According to The National Journal, there is a technology that could remedy the serious environmental effects of burning coal. In the midst of a call to stop creating coal plants, and to close those currently in operation, this technology may represent new life for the industry. As in the 1990s, when scrubbers were invented to help burn coal more clearly, this new technology may preserve coal as an enterprise among legitimate environmental concerns.
The Environmental Protection Agency is drafting regulations to control carbon emissions. These include the requirement for coal-fired power plants to use carbon capture and sequestration technology, or CCS. In coal states, industry leaders and lawmakers maintain CCS is not practical, though the EPA disagrees.
“CCS is a technology that is feasible.
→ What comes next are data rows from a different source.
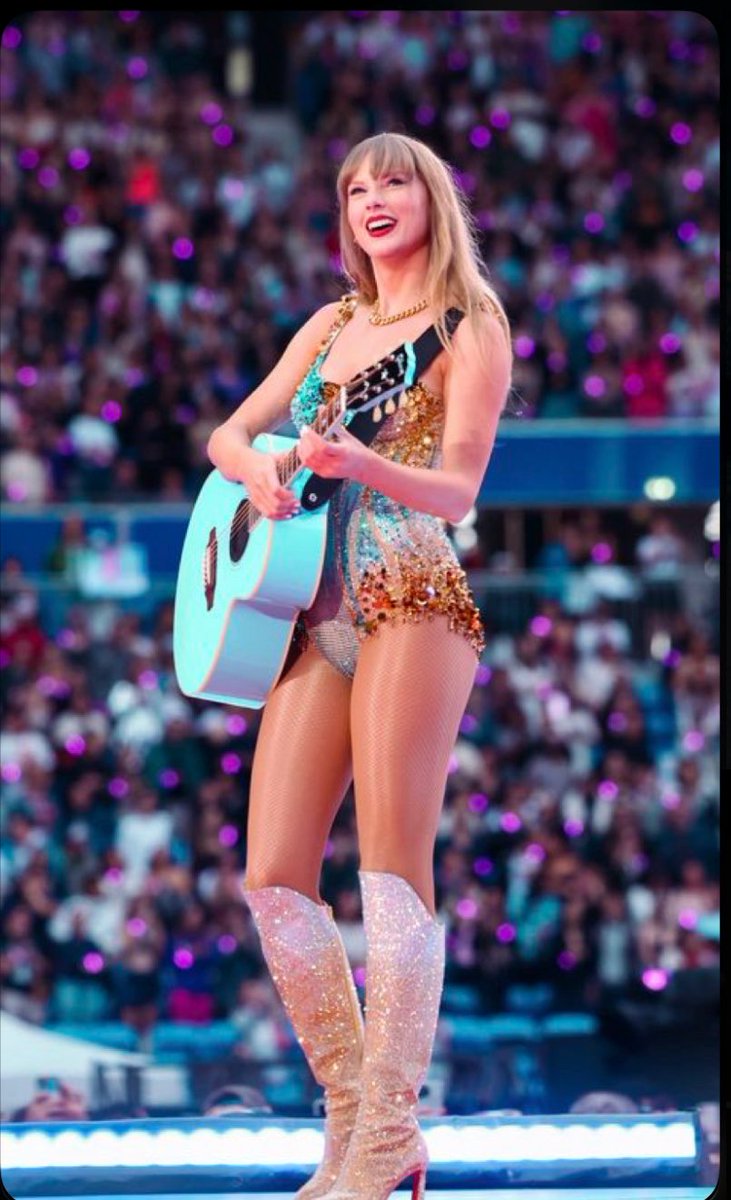 Taylor Swift a confirmé une collaboration avec Sabrina Carpenter sur le dernier morceau de son prochain album The Life of a Showgirl, attendu le 3 octobre 2025. Carpenter a partagé sa joie sur Instagram.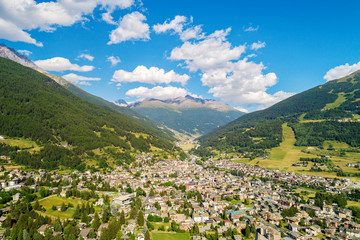 Naklejka na ściany i meble Bormio - Valtellina (IT) - Vista aerea panoramica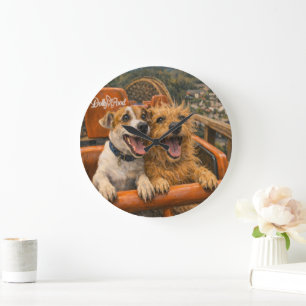 Paws & Thrills – Fröhliche Hunde auf einer Achterb Große Wanduhr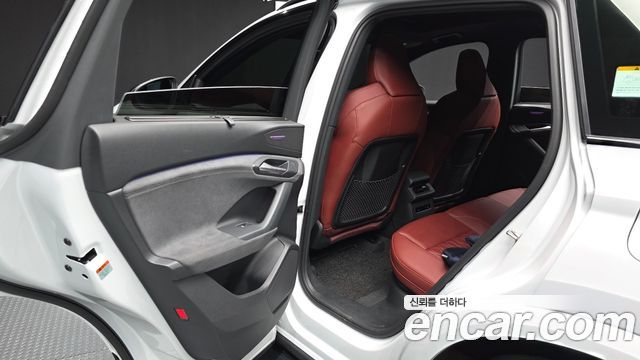 Audi SQ6 e-tron 2025 — photo 16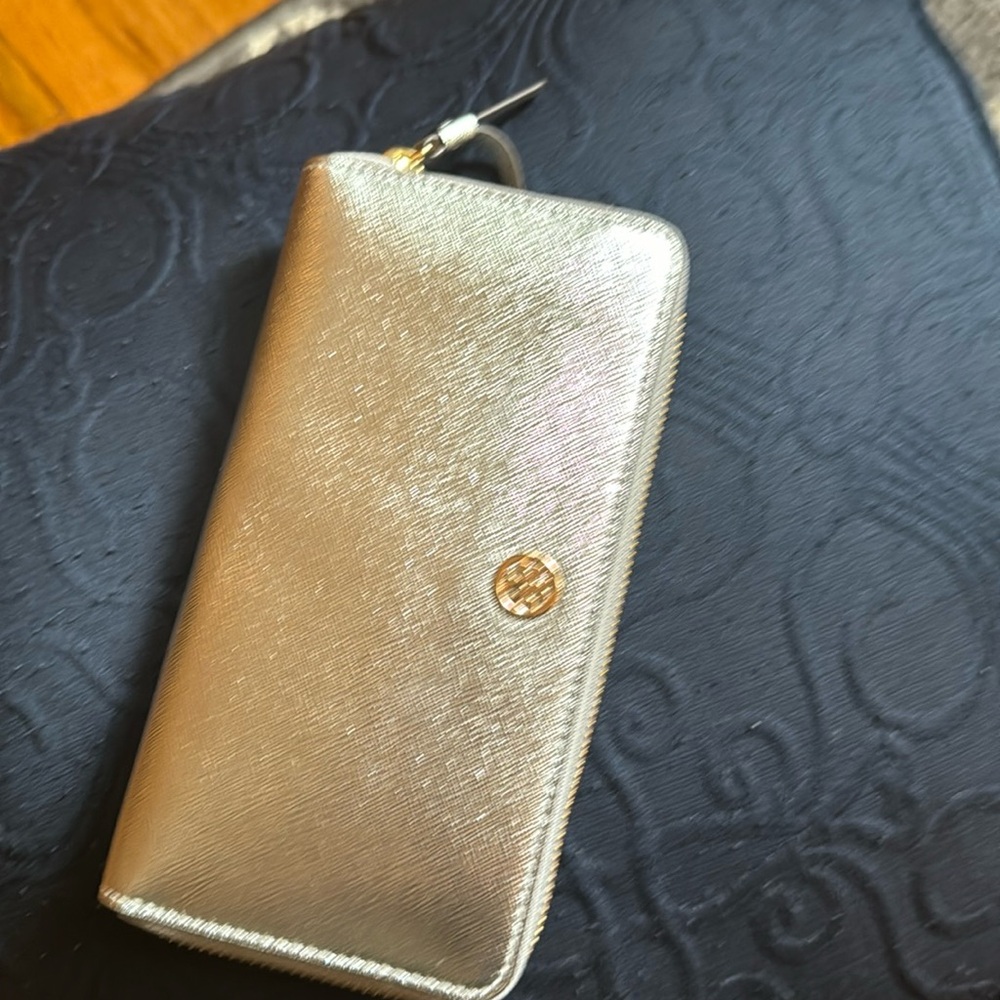 Tory Burch wallet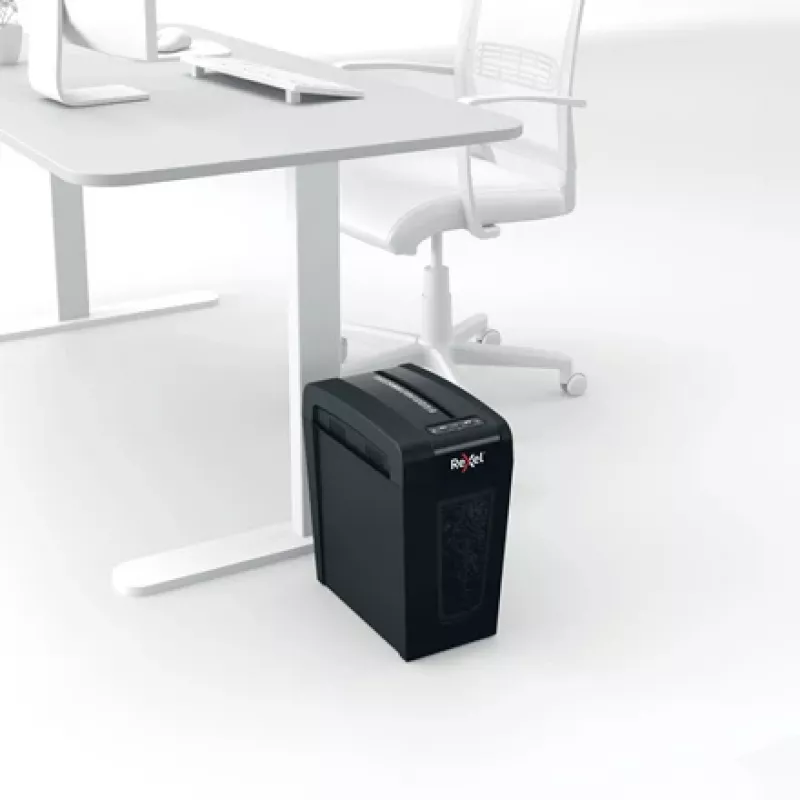 Rexel Secure X8-SL Whisper-Shred skartovačka krížový rez P4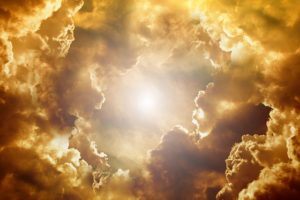 Der Schein der Sonne tut der Seele gut, doch Wohngebäude und Plätze im Garten brauchen Sonnenschutz, damit wir nicht geblendet werden und es nicht zu heiß wird.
It is available today,” EPA Administrator Gina McCarthy said, as reported in The National Journal. “We know that. We know that because it's been demonstrated to be effective.”
However, a pilot CCS project in West Virginia did not get enough funding to proceed past the demonstration phase. “Until we can do the full-scale demonstration project, we can't have a commercial offering to the marketplace,” according to John Cohen, vice president of government affairs at Alstom, who worked on that project. “No one is offering a CCS product in the market.”
McCarthy maintains that the EPA's requirement for new coal-fired plants to include CCS will naturally drive a market for the technology. Furthermore, just as scrubbers did at their advent, CCS technology is likely to decline in price eventually as more companies adopt it. According to the Massachusetts Institute of Technology, four coal-fired power plants are in the planning phases. These will use CCS technology, as will the one plant that is currently under construction. The project under construction, which is owned by Southern Company and has U. S. Department of Energy backing, costs $5 billion so far.
Whether CCS is the update the coal industry needs to thrive in a world increasingly concerned with global warming, and increasingly enamored with renewable energy technologies, remains to be seen. However, the government is hopeful that CCS technology will, at the very least, reduce the carbon emissions of coal-fired power plants. Sen. Jay Rockefeller of West Virginia plans to introduce legislation providing subsidies for the use of CCS technology, and the EPA is attempting to collaborate with industry as best it can.